→ **Supplied data**:
--*--
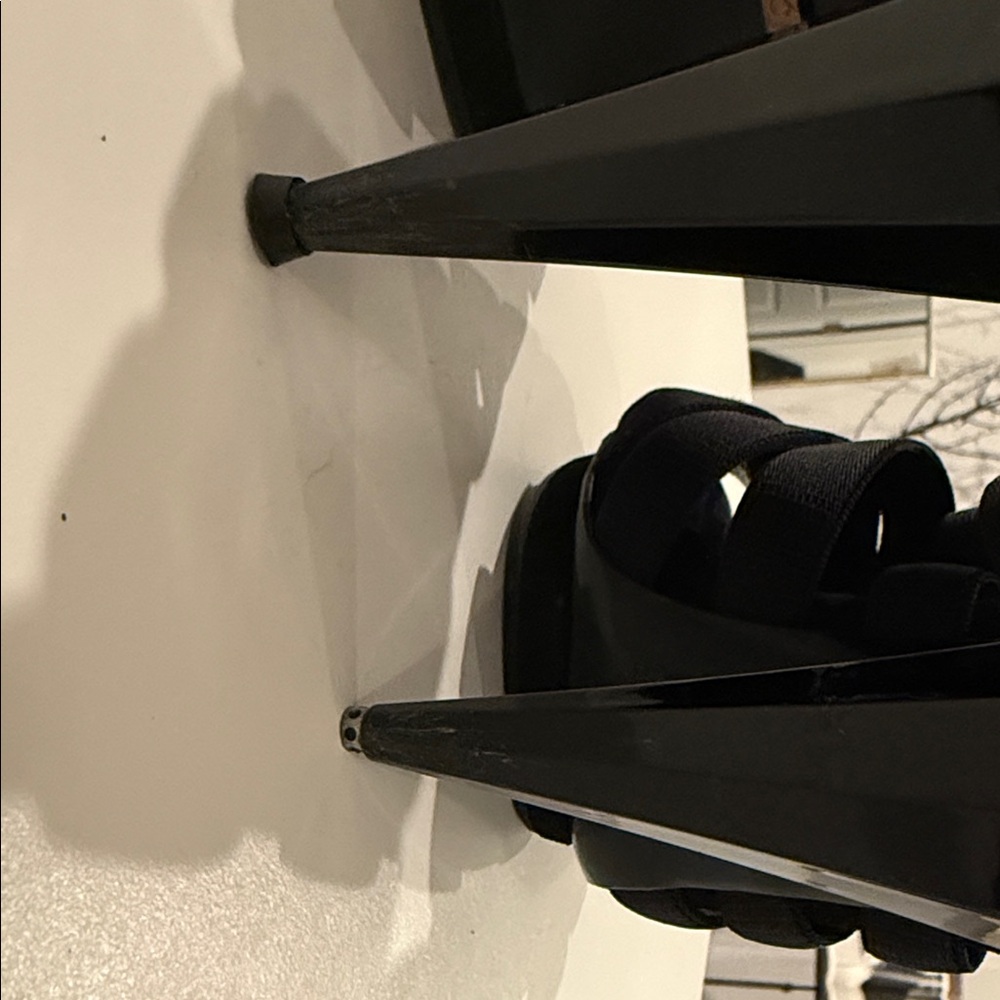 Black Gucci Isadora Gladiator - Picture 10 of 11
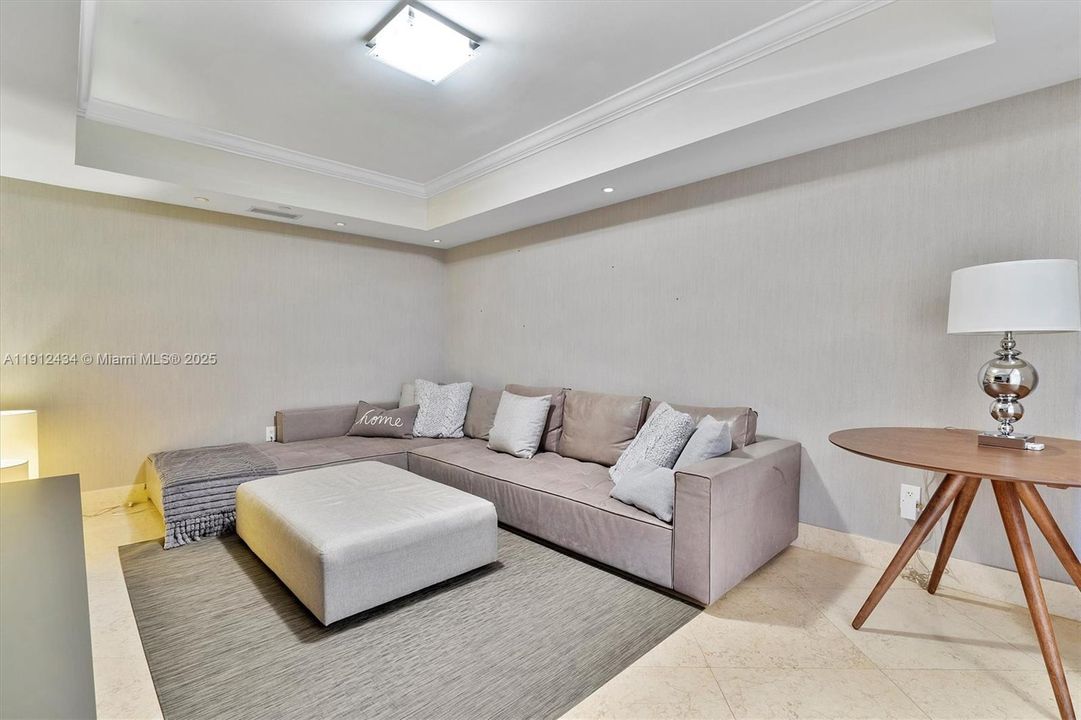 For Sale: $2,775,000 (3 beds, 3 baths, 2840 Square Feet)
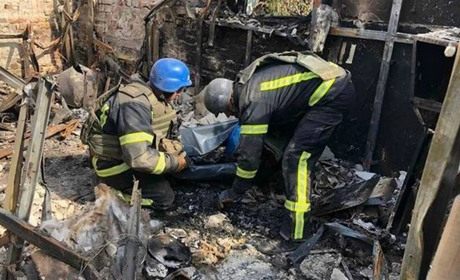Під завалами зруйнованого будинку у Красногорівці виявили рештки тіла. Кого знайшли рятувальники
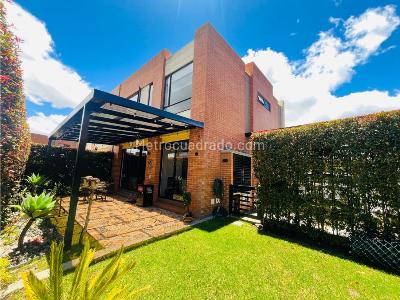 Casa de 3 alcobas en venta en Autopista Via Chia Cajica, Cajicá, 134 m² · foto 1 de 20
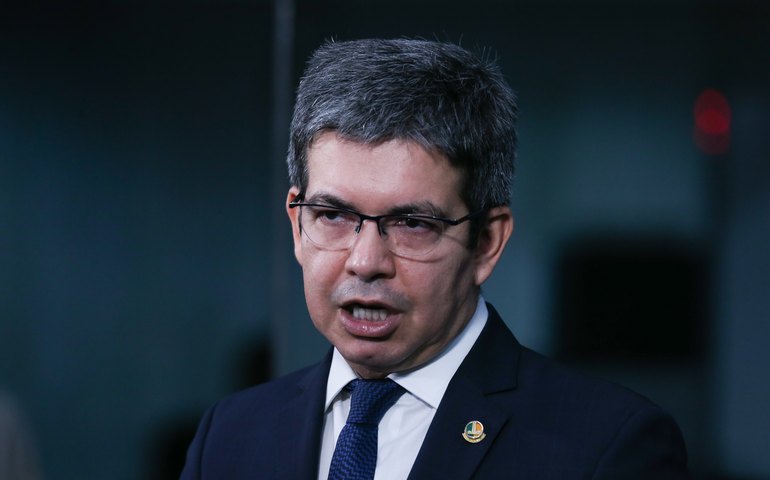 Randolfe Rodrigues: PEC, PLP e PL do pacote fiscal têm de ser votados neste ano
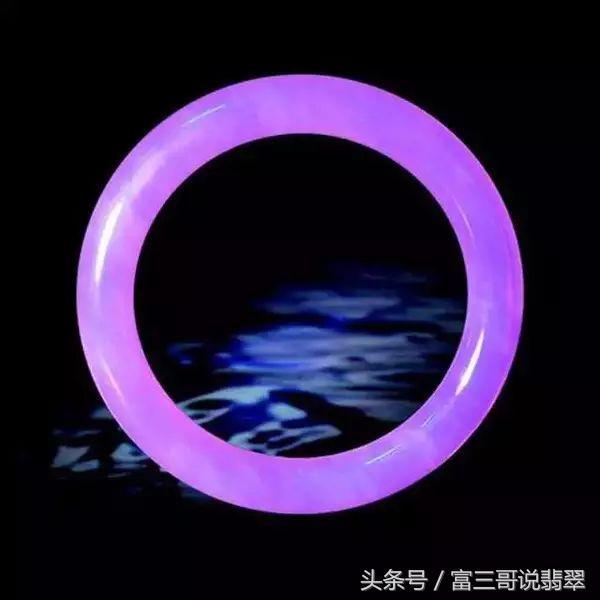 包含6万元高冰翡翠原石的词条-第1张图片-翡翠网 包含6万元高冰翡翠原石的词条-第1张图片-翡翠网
--*--
→ **What is expected**: Return every entry of the data above verbatim, with no images included.

→ **Written answer**:
 Black Gucci Isadora Gladiator - Picture 10 of 11
 For Sale: $2,775,000 (3 beds, 3 baths, 2840 Square Feet)
Під завалами зруйнованого будинку у Красногорівці виявили рештки тіла. Кого знайшли рятувальники
 Casa de 3 alcobas en venta en Autopista Via Chia Cajica, Cajicá, 134 m² · foto 1 de 20
 Randolfe Rodrigues: PEC, PLP e PL do pacote fiscal têm de ser votados neste ano
 包含6万元高冰翡翠原石的词条-第1张图片-翡翠网 包含6万元高冰翡翠原石的词条-第1张图片-翡翠网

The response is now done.